O documentário “Céu Aberto”, de João Batista de Andrade, realizado no calor dos acontecimentos, além de traçar um breve panorama da trajetória pública do político mineiro, joga luz sobre várias questões que cercaram sua morte.

João Batista opta por uma adesão moderada e discreta ao seu personagem principal, e, assim como ele, que era um conciliador nato, coaduna múltiplas vozes e abordagens na construção de seu discurso: são populares abordados nas ruas, intelectuais e políticos de ambos os espectros que procuram delinear, através de entrevistas dadas ao cineasta, um perfil humano e político daquele que poderia ter sido nosso primeiro presidente civil depois de 21 anos de ditadura militar.

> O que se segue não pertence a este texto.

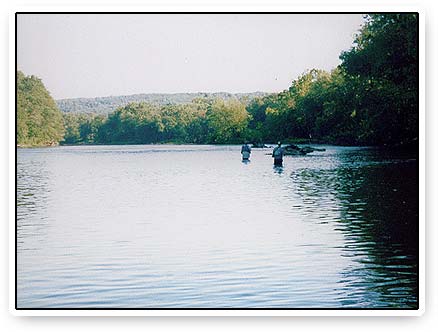 Susquehanna River fishing sticker Smallmouth Bass decal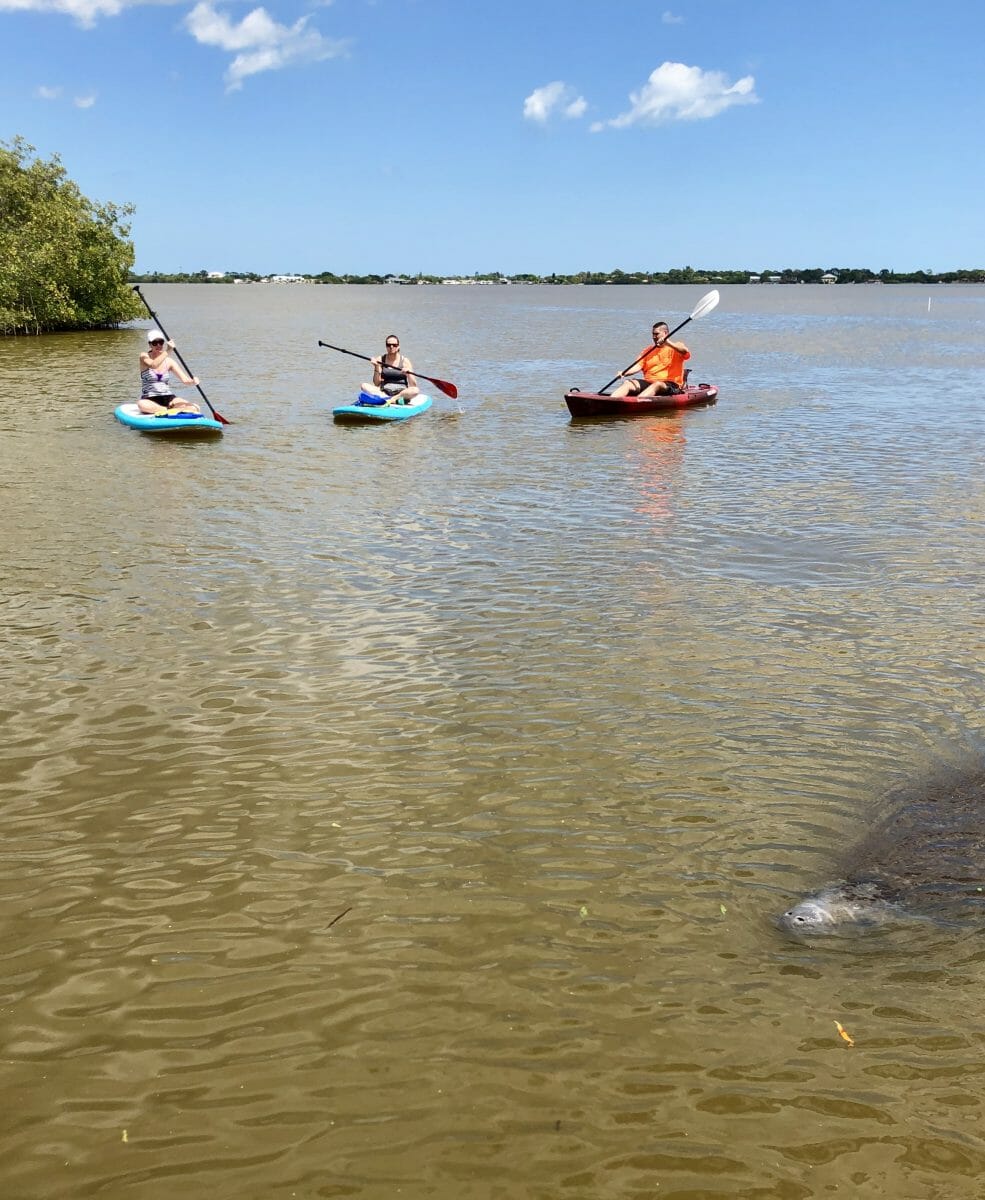 SOBE SURF KAYAK AND PADDLE BOARD MANATEE TOUR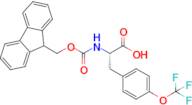 (S)-2-((((9H-fluoren-9-yl)methoxy)carbonyl)amino)-3-(4-(trifluoromethoxy)phenyl)propanoic acid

O autor consegue dar um tratamento criativo àquela realidade apreendendo com grande habilidade o estado de ânimo dos que acompanhavam o dia-a-dia da agonia de Tancredo, do simples mal-estar das pessoas ao histerismo religioso exacerbado.

As informações desencontradas e a ameaça de um golpe que supostamente seria liderado pelo então general Newton Cruz, desmentido por ele anos mais tarde, ameaçavam a abertura democrática e colocavam em xeque o futuro da "nova república". Daí o medo e a desconfiança generalizada.

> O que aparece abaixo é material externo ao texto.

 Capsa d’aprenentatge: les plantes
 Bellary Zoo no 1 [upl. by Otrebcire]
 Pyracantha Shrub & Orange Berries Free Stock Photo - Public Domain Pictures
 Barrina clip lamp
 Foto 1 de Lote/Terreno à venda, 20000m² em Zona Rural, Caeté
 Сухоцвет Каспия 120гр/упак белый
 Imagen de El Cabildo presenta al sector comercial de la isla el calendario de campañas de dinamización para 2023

Duas sequências chamam a atenção no filme por sua excepcionalidade. Na primeira delas, João Batista entra dentro do campo visual e aborda os transeuntes nas ruas de São Paulo interrompendo suas trajetórias e "forçando-os" a falar. Essa atitude do cineasta torna-o agente da situação, ator de seu próprio filme que, sem qualquer constrangimento, intervém diretamente no real. No desdobramento dessa abordagem uma aglomeração de populares é formada e eles passam a opinar (ou especular) a respeito do que teria acontecido a Tancredo Neves.

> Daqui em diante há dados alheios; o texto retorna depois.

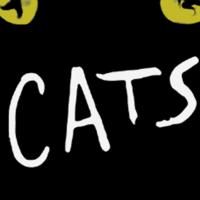 'CATS' Purrs at the Hippodrome Theatre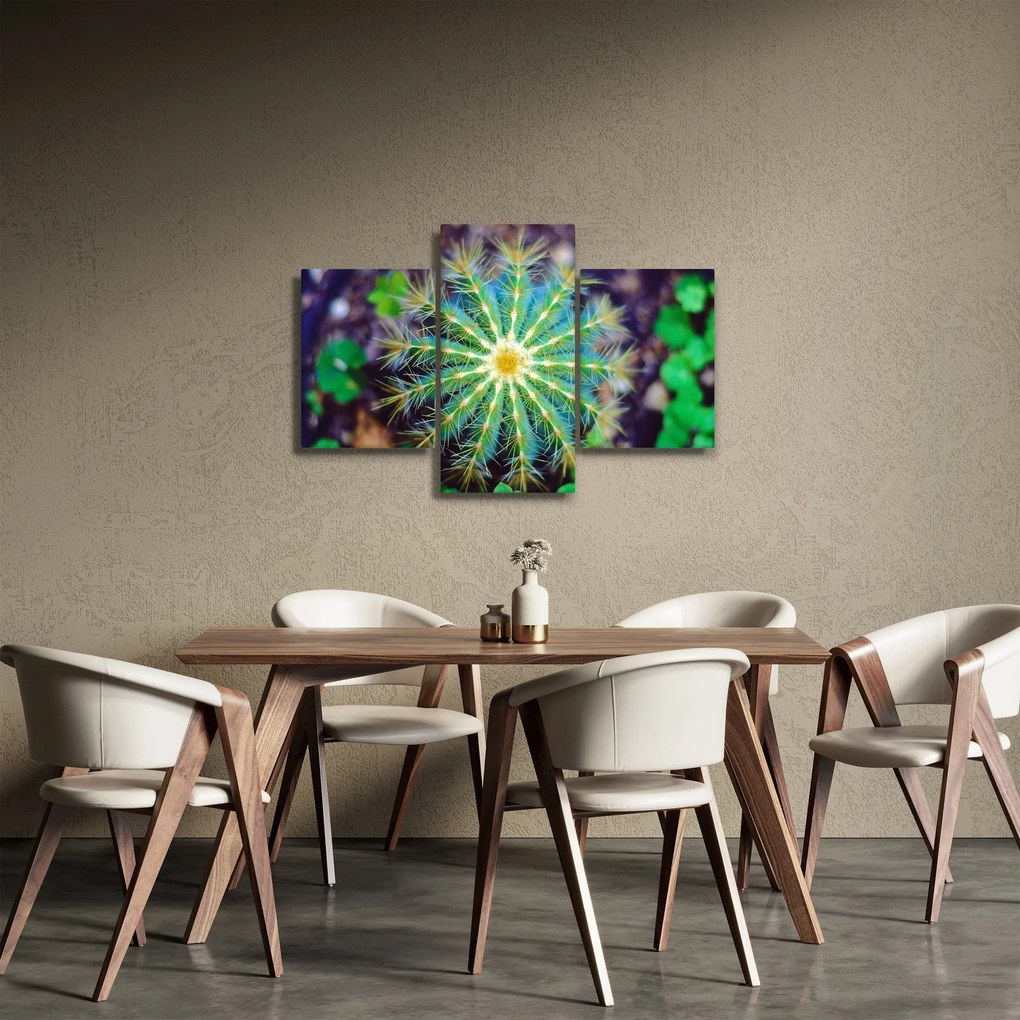 Kaktusz kép (90x60 cm)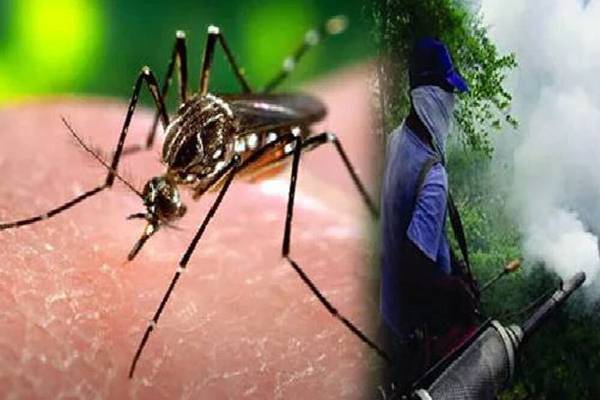 கிண்ணியாவில் ஆபத்தாக மாறும் டெங்கு: வழங்கப்பட்டுள்ள முக்கிய அறிவுறுத்தல் | Dengue Becoming Dangerous In Keniyaa கிண்ணியாவில் ஆபத்தாக மாறும் டெங்கு: வழங்கப்பட்டுள்ள முக்கிய அறிவுறுத்தல் | Dengue Becoming Dangerous In Keniyaa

A outra sequência marcante do documentário se dá na casa do general da reserva Newton Cruz. Sua significação está contaminada por uma sequência anterior na qual o mesmo general, numa entrevista coletiva dada a imprensa, é visto agredindo verbalmente um dos repórteres, num gesto de extrema arrogância e autoritarismo. Na cena da casa, espaço privado, sem uniforme militar, inserido num ambiente familiar com os netos e a filha (ou nora), toda sua arrogância se dilui e o que vemos é um sujeito pacífico e inofensivo. A câmera afasta-se e aproxima-se dele sem receio, bem diferente daquela câmera cautelosa da entrevista coletiva refém de uma situação pública tensa cercada de militares. Aqui o cineasta intervém outra vez no real surgindo novamente no campo visual e ficando frente a frente com Newton Cruz. Essa realidade gerada pelo encontro entre os dois produz um efeito de quase ficcionalidade, numa espécie de teatro encenado clandestinamente, um jogo em que, de um lado, está o general da reserva fingindo que não representa para a câmera, com a promessa de se manter sempre espontâneo, e, do outro, o realizador fazendo vista grossa para sua representação. Um tentando enganar o outro. Um cinema de grampo no qual o cineasta fica esperando que o personagem se traia para revelar algo subterrâneo de sua personalidade dentro do jogo teatral.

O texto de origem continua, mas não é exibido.